In keeping with the national prevalence,[11] 48% of the patients were detected to be colonized with MRSA before HCT, once the screening was initiated. Despite a high incidence of MRSA colonization in patients undergoing haploidentical HCT, there were no MRSA infections or increased mortality in association with MRSA colonization in our study. This may be attributable to two factors. First, the rigorous implementation and stringent adherence to the preventive measures might have been responsible for the containment of MRSA infection. Secondly, the use of pGI probably played an essential role in the prevention of systemic infection with MRSA, even though it was primarily directed at CRGNB.[12]

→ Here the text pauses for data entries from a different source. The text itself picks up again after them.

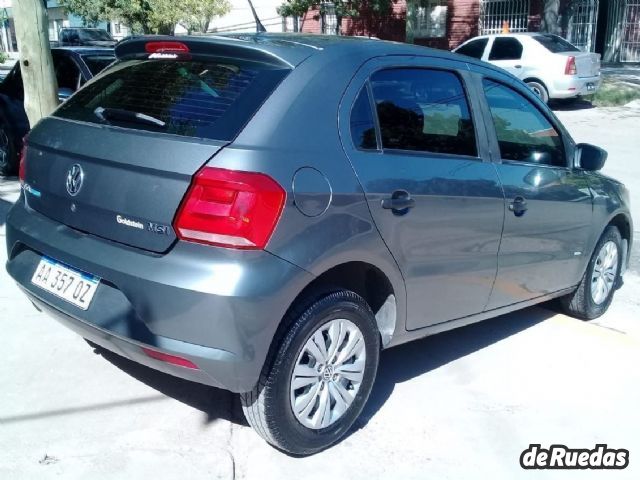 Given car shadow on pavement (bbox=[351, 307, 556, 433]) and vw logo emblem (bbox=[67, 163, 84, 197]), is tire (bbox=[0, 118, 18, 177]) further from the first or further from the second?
car shadow on pavement (bbox=[351, 307, 556, 433])

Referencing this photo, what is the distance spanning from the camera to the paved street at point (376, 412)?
9.80ft

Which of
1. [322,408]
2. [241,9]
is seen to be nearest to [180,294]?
[322,408]

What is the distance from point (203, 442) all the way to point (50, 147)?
1.52 m

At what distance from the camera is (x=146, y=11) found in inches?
797

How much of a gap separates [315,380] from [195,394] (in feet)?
2.85

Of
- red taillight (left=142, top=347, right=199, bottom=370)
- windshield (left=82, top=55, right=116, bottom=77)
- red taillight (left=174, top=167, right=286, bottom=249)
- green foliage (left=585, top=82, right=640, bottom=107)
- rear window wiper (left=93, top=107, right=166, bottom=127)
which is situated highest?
rear window wiper (left=93, top=107, right=166, bottom=127)

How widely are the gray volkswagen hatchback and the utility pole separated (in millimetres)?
2697

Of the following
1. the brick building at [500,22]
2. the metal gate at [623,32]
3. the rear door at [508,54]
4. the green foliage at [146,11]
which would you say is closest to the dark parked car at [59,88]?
the rear door at [508,54]

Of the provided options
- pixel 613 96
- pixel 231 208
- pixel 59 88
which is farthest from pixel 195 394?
pixel 613 96

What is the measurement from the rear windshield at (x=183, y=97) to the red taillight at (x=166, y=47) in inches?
2.2

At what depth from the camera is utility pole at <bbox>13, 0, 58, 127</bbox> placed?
5.77 m

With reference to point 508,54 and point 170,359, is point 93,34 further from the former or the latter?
point 170,359

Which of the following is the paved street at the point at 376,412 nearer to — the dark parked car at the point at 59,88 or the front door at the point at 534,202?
the front door at the point at 534,202

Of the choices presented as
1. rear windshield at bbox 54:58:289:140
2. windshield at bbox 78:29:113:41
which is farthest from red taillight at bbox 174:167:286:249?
windshield at bbox 78:29:113:41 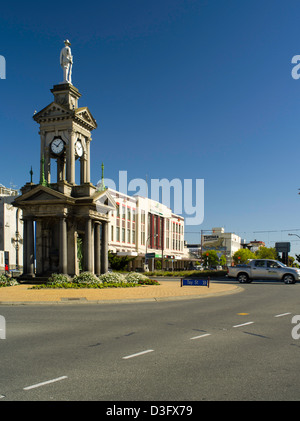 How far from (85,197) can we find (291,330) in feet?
64.0

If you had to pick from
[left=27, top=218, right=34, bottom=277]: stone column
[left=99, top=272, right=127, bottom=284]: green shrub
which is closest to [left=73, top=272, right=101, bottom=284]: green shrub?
[left=99, top=272, right=127, bottom=284]: green shrub

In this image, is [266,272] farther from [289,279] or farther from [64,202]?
[64,202]

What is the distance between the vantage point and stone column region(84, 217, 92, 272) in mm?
27641

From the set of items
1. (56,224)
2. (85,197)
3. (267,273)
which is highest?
(85,197)

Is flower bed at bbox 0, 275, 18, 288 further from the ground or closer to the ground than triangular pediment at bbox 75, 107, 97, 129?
closer to the ground

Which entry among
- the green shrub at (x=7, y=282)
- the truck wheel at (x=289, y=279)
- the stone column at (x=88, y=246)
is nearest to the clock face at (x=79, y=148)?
the stone column at (x=88, y=246)

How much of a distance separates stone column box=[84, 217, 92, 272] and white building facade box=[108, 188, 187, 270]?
37.6 m

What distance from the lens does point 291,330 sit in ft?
34.1

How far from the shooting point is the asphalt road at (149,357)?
5.42m

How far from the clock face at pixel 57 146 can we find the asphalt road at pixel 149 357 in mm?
17080

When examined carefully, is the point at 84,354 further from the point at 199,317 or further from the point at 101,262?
the point at 101,262

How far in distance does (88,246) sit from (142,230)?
61.3 m

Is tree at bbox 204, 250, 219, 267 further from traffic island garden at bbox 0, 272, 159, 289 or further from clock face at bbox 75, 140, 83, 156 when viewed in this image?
clock face at bbox 75, 140, 83, 156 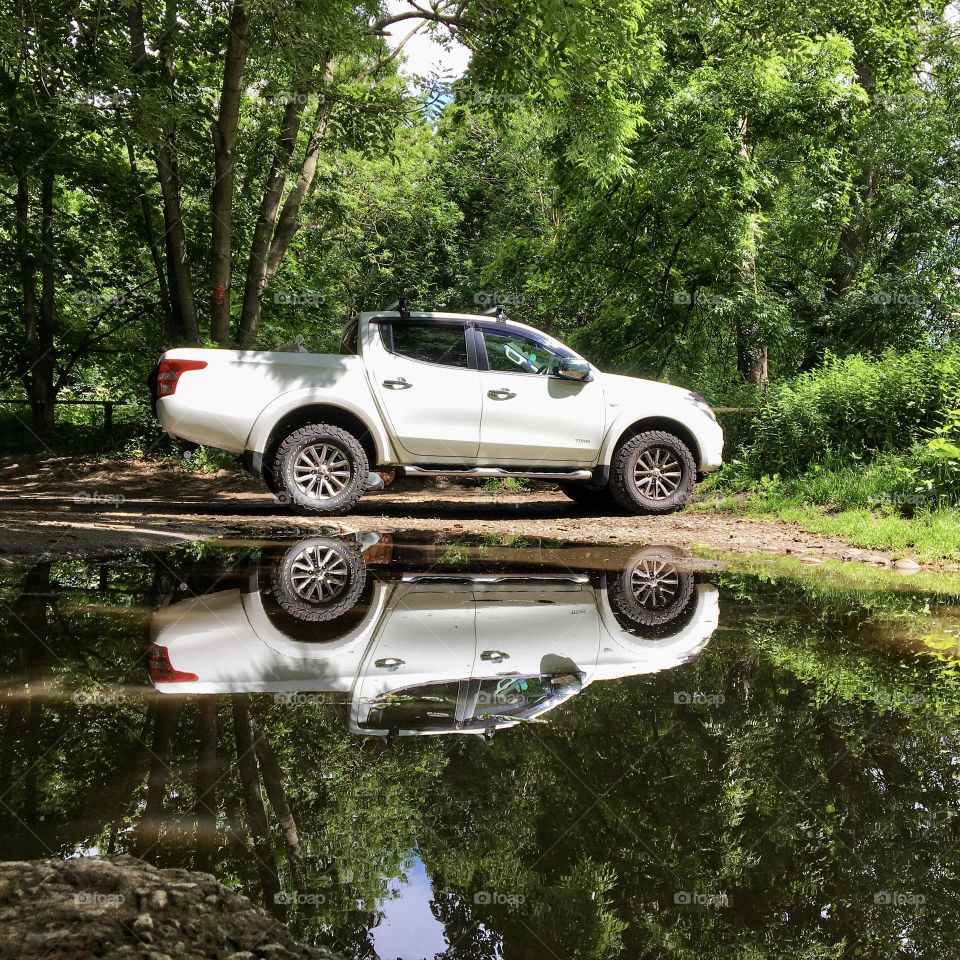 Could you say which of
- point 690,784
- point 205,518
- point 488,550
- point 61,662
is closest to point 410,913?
point 690,784

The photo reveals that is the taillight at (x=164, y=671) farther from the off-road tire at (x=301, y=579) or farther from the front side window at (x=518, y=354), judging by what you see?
the front side window at (x=518, y=354)

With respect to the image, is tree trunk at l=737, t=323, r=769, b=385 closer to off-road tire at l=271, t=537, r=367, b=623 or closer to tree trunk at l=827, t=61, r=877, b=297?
tree trunk at l=827, t=61, r=877, b=297

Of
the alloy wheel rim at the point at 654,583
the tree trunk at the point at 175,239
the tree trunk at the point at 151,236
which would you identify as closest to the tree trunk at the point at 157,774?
the alloy wheel rim at the point at 654,583

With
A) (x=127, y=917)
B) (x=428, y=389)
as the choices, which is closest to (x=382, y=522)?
(x=428, y=389)

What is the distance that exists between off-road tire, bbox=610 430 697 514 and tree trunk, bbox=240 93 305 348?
25.2ft

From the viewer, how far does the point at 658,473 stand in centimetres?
1048

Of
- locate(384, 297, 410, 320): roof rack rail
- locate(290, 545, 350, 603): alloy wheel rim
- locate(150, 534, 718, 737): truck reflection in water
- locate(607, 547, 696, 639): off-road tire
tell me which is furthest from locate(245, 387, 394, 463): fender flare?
locate(607, 547, 696, 639): off-road tire

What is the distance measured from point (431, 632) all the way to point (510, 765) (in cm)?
187

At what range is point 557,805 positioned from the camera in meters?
2.91

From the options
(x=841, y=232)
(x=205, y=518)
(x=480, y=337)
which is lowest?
(x=205, y=518)

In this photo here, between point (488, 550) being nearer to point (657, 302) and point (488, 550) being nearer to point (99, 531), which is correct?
point (99, 531)

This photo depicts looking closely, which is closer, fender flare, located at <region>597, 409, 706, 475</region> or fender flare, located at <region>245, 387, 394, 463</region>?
fender flare, located at <region>245, 387, 394, 463</region>

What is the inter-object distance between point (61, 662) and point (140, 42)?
12247 millimetres

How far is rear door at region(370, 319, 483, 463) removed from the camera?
984cm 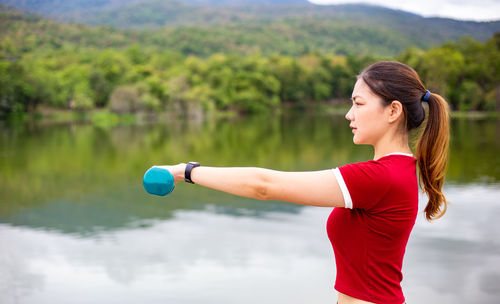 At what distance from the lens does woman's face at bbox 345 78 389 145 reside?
1.05 meters

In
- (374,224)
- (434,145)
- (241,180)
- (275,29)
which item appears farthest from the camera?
(275,29)

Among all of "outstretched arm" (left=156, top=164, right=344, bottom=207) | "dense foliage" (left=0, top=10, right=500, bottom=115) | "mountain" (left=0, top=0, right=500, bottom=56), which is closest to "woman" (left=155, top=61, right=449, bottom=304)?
"outstretched arm" (left=156, top=164, right=344, bottom=207)

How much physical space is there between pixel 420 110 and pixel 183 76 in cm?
5084

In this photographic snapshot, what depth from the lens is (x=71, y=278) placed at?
160 inches

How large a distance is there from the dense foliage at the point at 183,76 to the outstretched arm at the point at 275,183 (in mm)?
41046

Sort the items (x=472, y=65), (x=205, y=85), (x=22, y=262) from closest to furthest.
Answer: (x=22, y=262) < (x=472, y=65) < (x=205, y=85)

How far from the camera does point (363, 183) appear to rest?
94 centimetres

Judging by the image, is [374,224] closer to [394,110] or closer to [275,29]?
[394,110]

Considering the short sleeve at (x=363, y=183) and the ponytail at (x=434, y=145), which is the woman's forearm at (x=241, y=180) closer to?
the short sleeve at (x=363, y=183)

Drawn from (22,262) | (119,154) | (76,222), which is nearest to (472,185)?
(76,222)

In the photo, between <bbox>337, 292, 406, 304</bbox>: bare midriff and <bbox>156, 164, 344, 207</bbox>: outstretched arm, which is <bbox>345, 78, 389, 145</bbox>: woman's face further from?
<bbox>337, 292, 406, 304</bbox>: bare midriff

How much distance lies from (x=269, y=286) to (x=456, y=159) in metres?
9.15

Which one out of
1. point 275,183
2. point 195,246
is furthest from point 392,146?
point 195,246

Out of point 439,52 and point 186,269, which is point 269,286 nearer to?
point 186,269
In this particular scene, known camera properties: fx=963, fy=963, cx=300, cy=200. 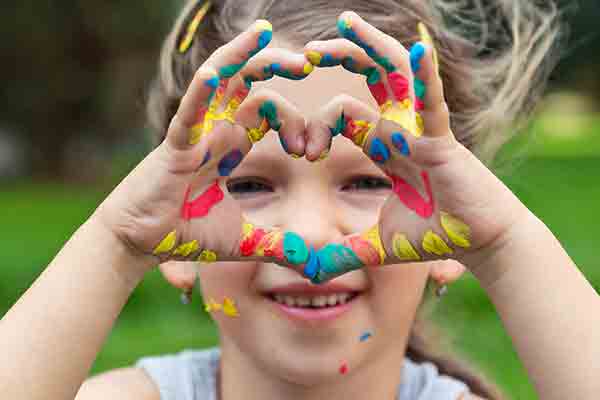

There is scant data on the role of granulocyte infusions in the prevention of systemic MRSA infection, as is evident from several randomized or non-randomized studies.[13,14] Unlike in our previous study on the effect of pGI on CRGNB mortality,[12] no control was carried out in the current one. The high incidence (20%) of  MRSA-BSI with 30% mortality found in an initial cohort of 15 unscreened patients undergoing HCT at our center induced us to believe not ethical a similar control arm. Considering this limited experience from the cohort of unscreened HCT patients, one might hypothesize that pGI might have played a role in limiting early MRSA-BSI in the study group. However, our study is non-randomized with limited cohort size, so the data should be interpreted with caution.
Several studies have highlighted concerns regarding late-onset MRSA infections related to GVHD.[3,15] We had documented only a single instance of late CABSI with MSSA in the MRSA negative group and none in the MRSA positive cohort. Besides meticulous adherence to the preventive aspect, the low incidence of both acute and chronic GVHD were probably responsible for the absence of late MRSA infections, which, as in most studies,  have been related to GVHD and the use of corticosteroids.[3,15] The low incidence of GVHD is primarily attributable to the use of CTLA4Ig- based protocols in our study, which have reduced the incidence of early alloreactivity in our haploidentical HCT program.[9,10,16]
A transplant protocol, which aims at improving outcomes by reducing the progression of the underlying disease, can be considered successful only if sufficient attenuation of infection and GVHD-related morbidity and mortality can be achieved. The low NRM with no deaths being directly or indirectly attributable to MRSA probably underscores the impact of pGI and a reduced incidence of GVHD in the prevention of complications related to MRSA. Further exploration of these strategies in larger cohorts of patients in randomized studies will need to validate these approaches in limiting complications associated with MRSA in patients undergoing alternate donor HCT.